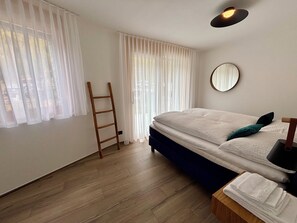 2 bedrooms, free WiFi, bed sheets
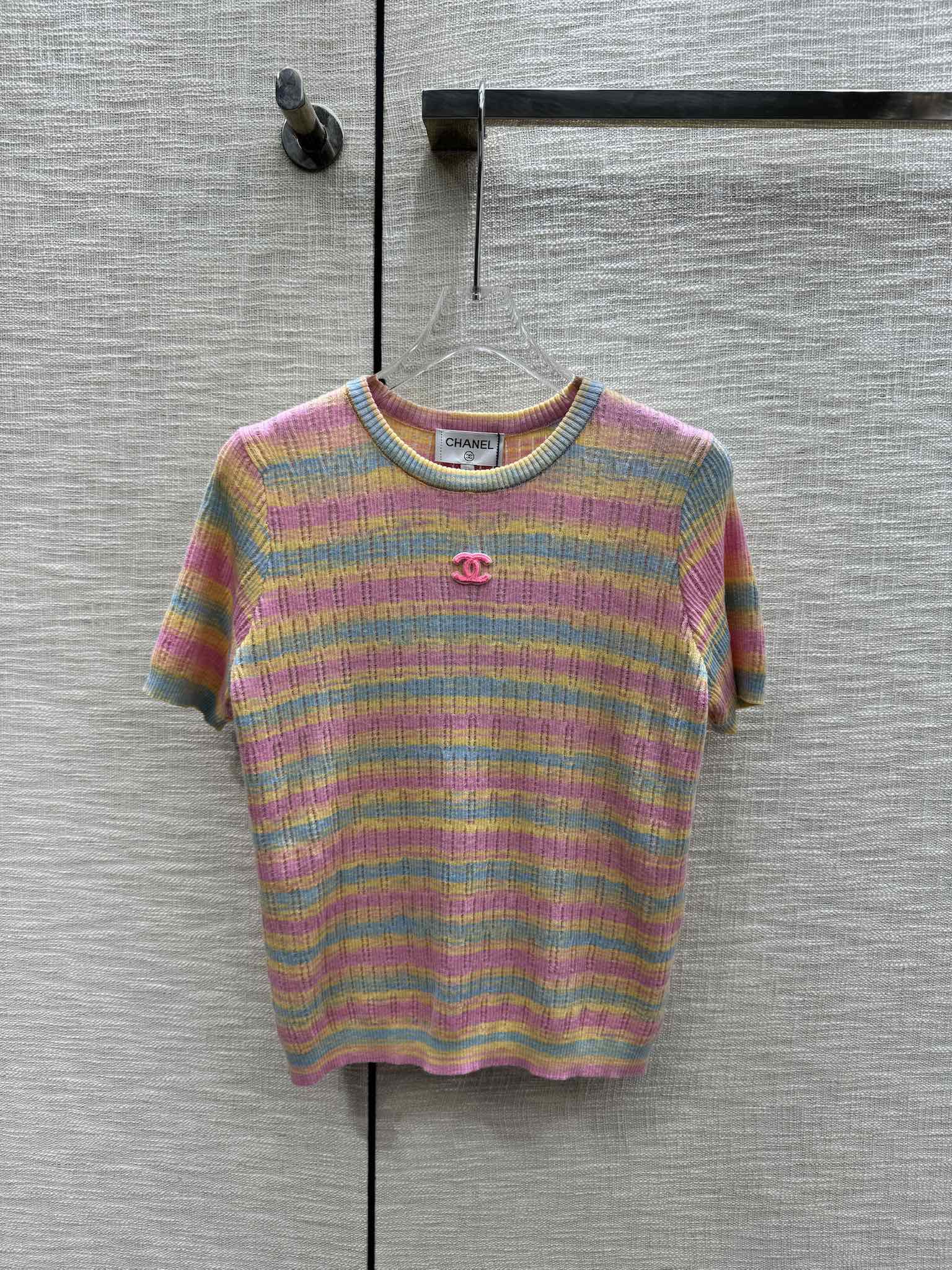 Chanel 2403 - Вязаная футболка с коротким рукавом в полоску 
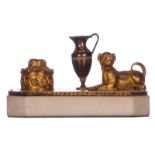 A late 18thC French gilt bronze and marble inkwell, H 8 - W 15 - D 8,3 cm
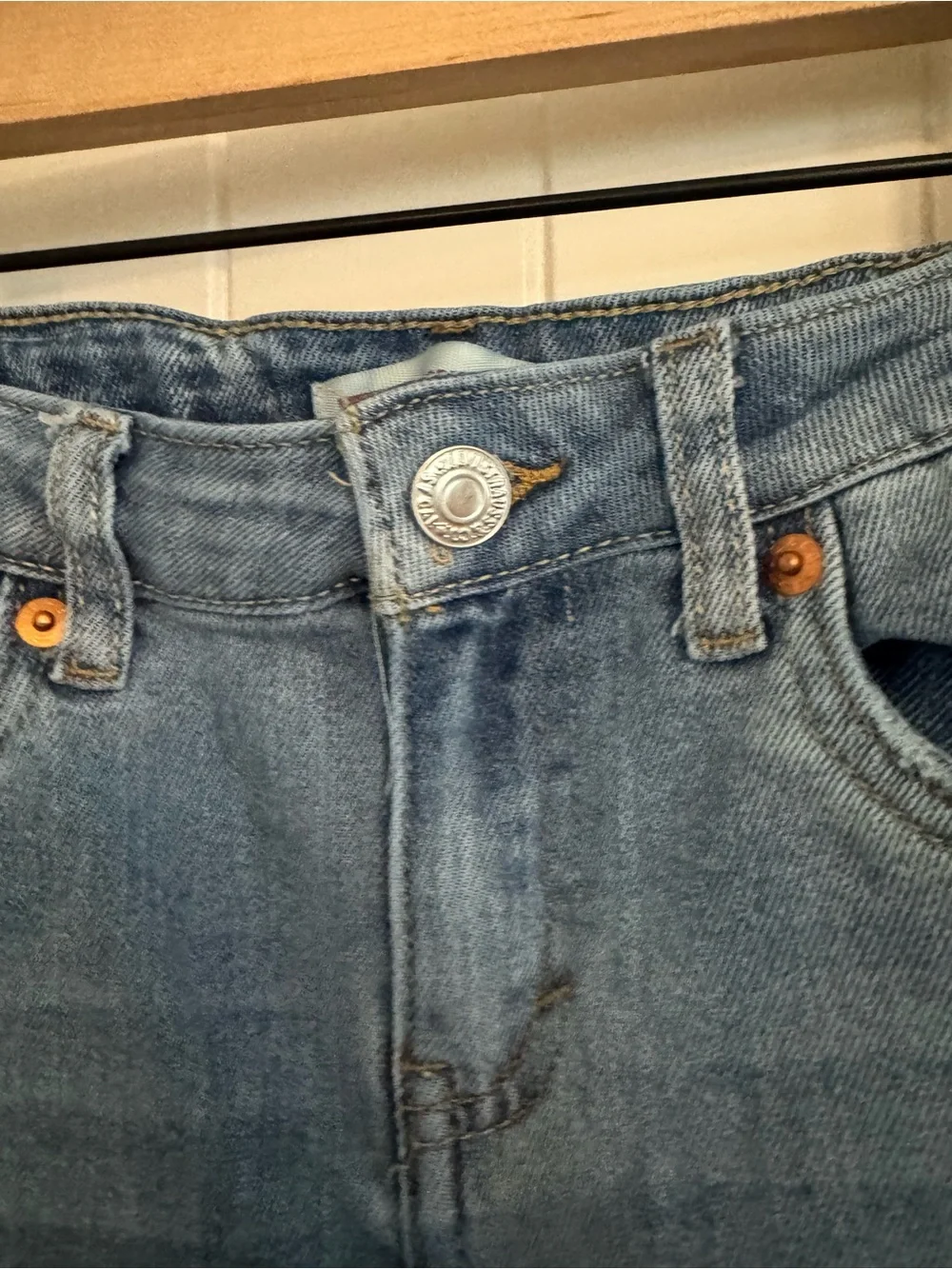 Levi's Girls Light Blue Wide-Leg Distressed Cropped Jeans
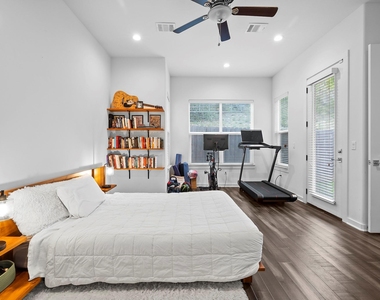 706 Stow Dr - Photo Thumbnail 5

| TASK INSTRUCTIONS |
If the records contain pictures, skip them, and transcribe exactly every line from the one with "A late 18thC" through the last line.

| OUTPUT BELOW |
 A late 18thC French gilt bronze and marble inkwell, H 8 - W 15 - D 8,3 cm
 Levi's Girls Light Blue Wide-Leg Distressed Cropped Jeans
 706 Stow Dr - Photo Thumbnail 5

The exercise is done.